HBO’s ‘Divorce’ series premiere review: They’re all horrible people

Divorce -When we first saw the trailer for “Divorce,” the initial thought that entered our mind was that maybe this would be a tongue-in-cheek comedy, a chance to see Sarah Jessica Parker break away from Carrie Bradshaw into a different sort of character study. Our feeling was that of excitement.

After watching the debate play out, that said feeling may have shifted ever so slightly into that of depression. This was a premiere episode that was funny at times, but also incredibly sad at others. Nobody on this show is establishing themselves as particularly likable: We’ve got a husband passive-aggressively bashing his wife during a birthday toast, said wife later shooting at him, Parker’s Frances cheating on Robert (Thomas Haden Church) both before and after telling him that she wants a divorce, and then Robert locking her out of the house when he hears about it.

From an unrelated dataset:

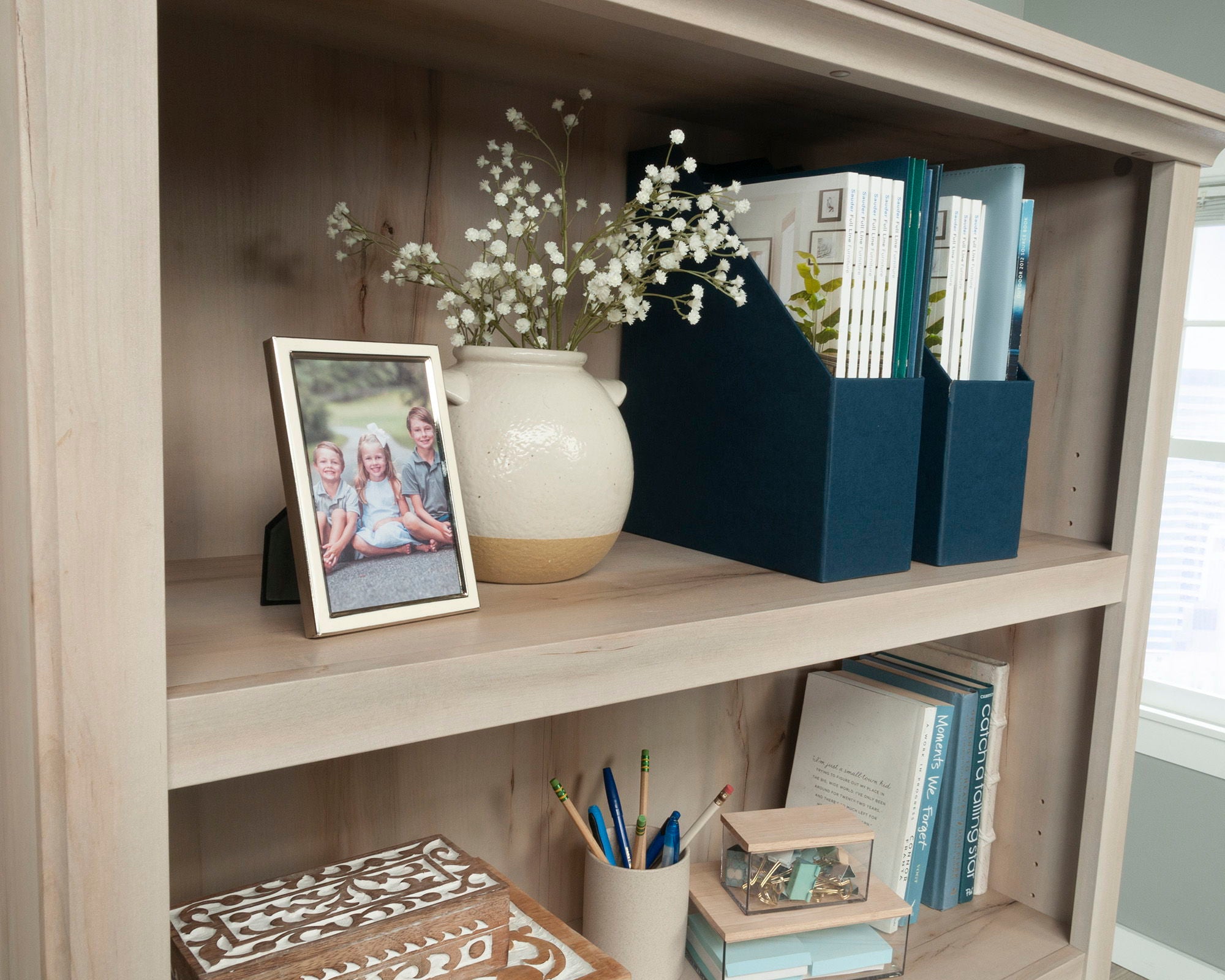 5-Shelf Bookcase with Doors in Pacific Maple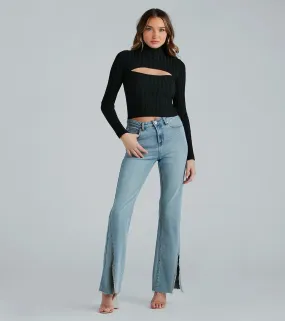 Cut Out The Drama Rib Knit Sweater Top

The biggest strength of “Divorce” is in its reality. There are plenty of unlikable people out there who think and act this way, especially when you start to settle in to a life and realize you’re unhappy with it. This show tries its best to reflect that with mustache jokes here and there thrown in. There are situations and feelings that some out there can relate to. Yet, at the same time is it too close to reality? People watch television more to avoid the conflicts of life, and this may remind you of almost every relationship disagreement you’ve ever had. The closest comparison we can draw is between this show and “Girls,” which also features characters who are often not likable, but over time, you start to appreciate many of them because of their flaws. If “Divorce” eventually makes it to that point, there may be a time where we sit back, watch this pilot, and realize that it was going to an incredibly enjoyable place.

Episode Grade: B-. For now, we’d say that the pilot episode didn’t do enough to really make us invested in this world, and while it was grounded at times, it also went over-the-top at others, such as the whole shooting situation. There is humor to be found here, but it needs more time to breathe. Maybe the upcoming episodes will accomplish that now that the exposition is set in stone.